American landscape architect

Ezra C. Stiles (September 26, 1891 – January 27, 1974) was an American landscape architect. He also worked as an urban planner, writer, mapmaker, and painter.

A descendant of Yale University president Ezra Stiles, Ezra Clarke Stiles was born in Painted Post, New York, and graduated from Penn State in 1914 with a degree in Forestry and Landscape Architecture. He began as
a community planner in Charlotte, North Carolina, as an employee of John Nolan, a landscape
architect in Boston. In 1915, he moved to Pittsburgh, Pennsylvania, to become a draftsman for A.W. Smith, a garden design and florist firm.

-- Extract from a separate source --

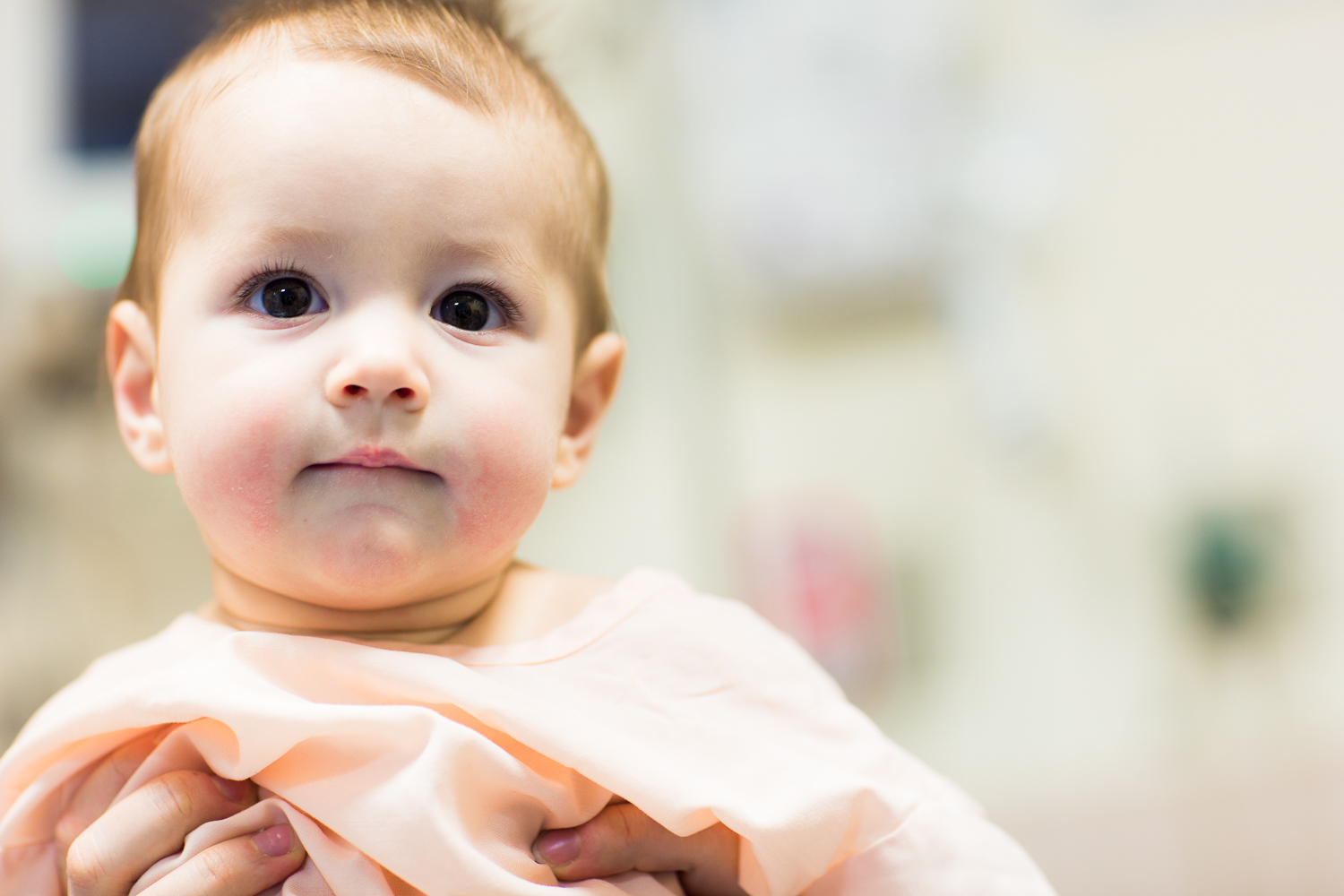 Infant in pink onesie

In 1926, Stiles founded a landscape architecture firm in Pittsburgh, and ultimately became known as one of the region's top landscape architects. Among his clients were prominent Pittsburgh families (the Scaifes, Corsons, Frownes, and Garmens); corporations (Carnegie Steel Works and Rockwell Manufacturing Corporation), universities (Furman University in Greenville, South Carolina), and city planners (he designed two city parks to mark Pittsburgh's bicentennial). In 1938, he laid out the McKeesport Rose Garden and Arboretum in the Pittsburgh suburb of McKeesport, Pennsylvania.

In the 1960s, Stiles' firm worked with two others to expand the Allegheny County park system.

Stiles wrote at least three books:
- Framing the Home Landscape with Pittsburgh Steel Company (1929). 20 pp.
- Rock Gardening for the Small Place (Doubleday, Doran & Company, 1935) 94 pp.
- The Silver Sturgeon

He and historian Paul C. Bowman drew a lavishly illustrated map of the American Expeditionary Force's participation in World War I's Meuse-Argonne Offensive; it is preserved by the Library of Congress. Other maps depicted Pittsburgh in 1899 and Frick Park in 1938.

He had at least one son, Ezra C. Stiles Jr. (1921-1957), who served as a captain in the U.S. Army Air Forces.

Some of Stiles' papers and drawings are preserved by the University of Pittsburgh.